Hiçbir şey söylemeden salonu terk ettim eşyalarımı bile almadan evden çıkıp yürümeye başladım. Yüksek bir binanın çatısında uzanmıştım yükseklik korkum vardı ama şuan o bile umrumda değildi.
'Onların annesini öldürdün.'
'Katilsin sen.'
'Sevilmeyi hak etmiyorsun.'
'Öldür kendini.'
Derin bir nefes aldım susmuyor kaç saattir buradayım bilmiyordum ama akşam olmuştu yanıma yaklaşan ayak sesleri gelince sırıtma ya başladım.
"Görev başarısız."
Yanıma yaklaşıp duvarın üzerine oturdu.
"Bu senin için bir görev değildi evlat."
Güldüm halime.
"O kadınlar öldü ama daha üç kişi var ve Karan beni evinden kovdu annemin intikamını alamadım."
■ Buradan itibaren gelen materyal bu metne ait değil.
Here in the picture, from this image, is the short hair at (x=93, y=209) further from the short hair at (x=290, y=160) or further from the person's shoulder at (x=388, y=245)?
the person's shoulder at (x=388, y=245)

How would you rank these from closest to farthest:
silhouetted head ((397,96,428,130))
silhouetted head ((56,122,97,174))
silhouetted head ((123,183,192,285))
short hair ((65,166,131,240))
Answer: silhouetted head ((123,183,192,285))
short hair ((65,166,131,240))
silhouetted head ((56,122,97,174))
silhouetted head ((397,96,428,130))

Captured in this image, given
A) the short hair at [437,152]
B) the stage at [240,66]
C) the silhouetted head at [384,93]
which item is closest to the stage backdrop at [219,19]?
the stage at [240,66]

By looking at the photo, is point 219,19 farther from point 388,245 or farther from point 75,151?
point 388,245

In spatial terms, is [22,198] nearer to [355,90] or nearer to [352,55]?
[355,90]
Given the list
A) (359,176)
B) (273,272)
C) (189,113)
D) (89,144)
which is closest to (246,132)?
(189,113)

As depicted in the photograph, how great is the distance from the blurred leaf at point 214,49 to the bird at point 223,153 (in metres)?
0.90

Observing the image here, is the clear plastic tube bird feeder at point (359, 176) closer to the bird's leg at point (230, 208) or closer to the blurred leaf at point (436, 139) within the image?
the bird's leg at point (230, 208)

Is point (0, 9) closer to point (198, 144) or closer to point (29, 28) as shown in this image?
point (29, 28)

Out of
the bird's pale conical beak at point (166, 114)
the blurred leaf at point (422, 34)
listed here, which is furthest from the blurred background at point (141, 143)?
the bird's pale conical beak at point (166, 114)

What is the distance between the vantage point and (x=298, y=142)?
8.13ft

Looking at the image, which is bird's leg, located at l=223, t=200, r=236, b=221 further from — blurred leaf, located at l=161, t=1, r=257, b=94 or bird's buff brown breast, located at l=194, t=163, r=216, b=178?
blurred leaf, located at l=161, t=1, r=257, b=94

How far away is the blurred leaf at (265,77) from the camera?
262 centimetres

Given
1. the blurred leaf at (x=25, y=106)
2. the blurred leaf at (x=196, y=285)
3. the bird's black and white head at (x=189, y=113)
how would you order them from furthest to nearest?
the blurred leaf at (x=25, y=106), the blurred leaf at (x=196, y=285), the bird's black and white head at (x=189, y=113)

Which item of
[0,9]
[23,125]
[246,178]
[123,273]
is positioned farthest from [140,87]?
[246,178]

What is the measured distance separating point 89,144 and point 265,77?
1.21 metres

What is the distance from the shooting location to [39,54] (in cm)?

Beni olduğum gibi kabul eden tek kişi yanıma gelmişti.
"Karan seni birazdan arayıp eve geri çağıracak bunu düşünme ve o çocuklar ile bir işin yok onlarla bir bağ kurma yoksa üzülen sen olursun."
Doğrulup oturur vaziyette geldim. Elimle yüzümü sıvazlayarak ona baktım.
"Ne zaman o aileden tamamen kurtulurum?"
Bana değil sim siyah olan gök yüzüne bakıyordu o zayıf göründüğüm iç
in beni sevmediğini söylüyordu ama beni bırakmayan tek kişide oydu.
"Kızımın katilleri öldüğünde o aileyle işin bitmiş olacak."
O zamana gelince benim hayatımda son bulacak ama bunu ona söylemedim.